Faith-Based Hiring Rights. A brief review introduces a new book, published by the Center for Public Justice, that has been sent to legislators and other public officials throughout the country—at both state and federal levels. The book is The Freedom of Faith-Based Organizations to Staff on a Religious Basis, by Carl Esbeck, Stanley Carlson-Thies, and Ronald Sider. This is one of the most controversial subjects in relations between faith-based social-service organizations and the government. This book is the authority—the most complete and detailed assessment available of the law and politics on this issue.
With or Against the World?. Significant excerpts are presented here from the second chapter of James Skillen’s forthcoming book with this title. The subtitle is America’s Role among the Nations (Rowman & Littlefield Publishers, due out at the end of February). This first of two installments from the book focuses on the "forgotten depths" of history that lie behind America’s response to terrorism. Americans know too little of the history of Islam and the rise of Islamic radicalism, but they also know too little about the birth of the United States as a "nation with the soul of a church."
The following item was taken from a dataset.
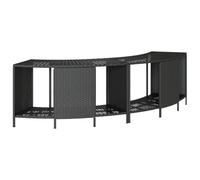 vidaXL Storage Shelves for Hot Tub 2 pcs, Outdoor Storage Shelf for Pool & Spa, Display Shelf Unit with Built-in Storage, Black Poly Rattan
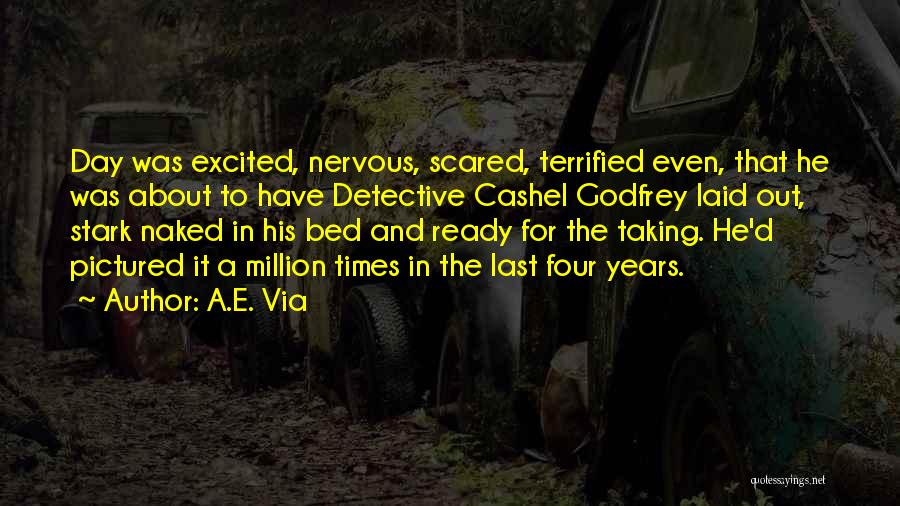 A.E. Via Quotes: Day Was Excited, Nervous, Scared, Terrified Even, That He Was About To Have Detective Cashel Godfrey Laid Out, Stark Naked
Stars Forever. Stanley Carlson-Thies reviews a book that will surprise those who have little good to say about combative Evangelicals in American politics. The book — Like the Stars, Leading Many to Righteousness — is by an evangelical pastor, Glenn Parkinson, who calls his fellow-believers to a positive role in society rather than to a negative one. The goal of Christians should be to serve their neighbors and bless them with good things, not to try to defeat them in a culture war. Integrity and public forthrightness should go hand in hand with a generous way of life that can lead neighbors to a high regard for their fellow citizens who are Christians.
The Question of a Christian Worldview. This essay introduces and reviews two books: first, and primarily, Nancy Pearcey’s Total Truth: The Liberation of Christianity from its Cultural Captivity (Crossway Books, 2004), and second, David K. Naugle’s Worldview: The History of a Concept (Eerdmans, 2002). The first is a best-selling exploration of how Christians have become bogged down by dualistic views of life and what they need to do to become full, free, and productive Christians. Naugle’s book is more academic, but for anyone who wants to know what’s behind all of today’s "worldview talk," this is the book to read.
Education Reform to Empower the Poor. David Van Heemst is the author of Empowering the Poor, Why Justice Requires School Choice (ScarecrowEducation, 2004). Building on the work of Charles L. Glenn and others, Van Heemst makes the case for real pluralism in education, with real choices for parents, and why these reforms will do more than anything else to empower the poor in America.
Editor's Watch: Postmodern President: Second Edition. The Editor’s Watch this quarter hypothesizes that if Bill Clinton was our first postmodern president, as some have argued, then George W. Bush is our second. Bush's "social-constructivist" approach to policy making and his efforts to impose his political will reveal him to be more a man of pragmatic gusto than a man carefully attuned to principles of justice.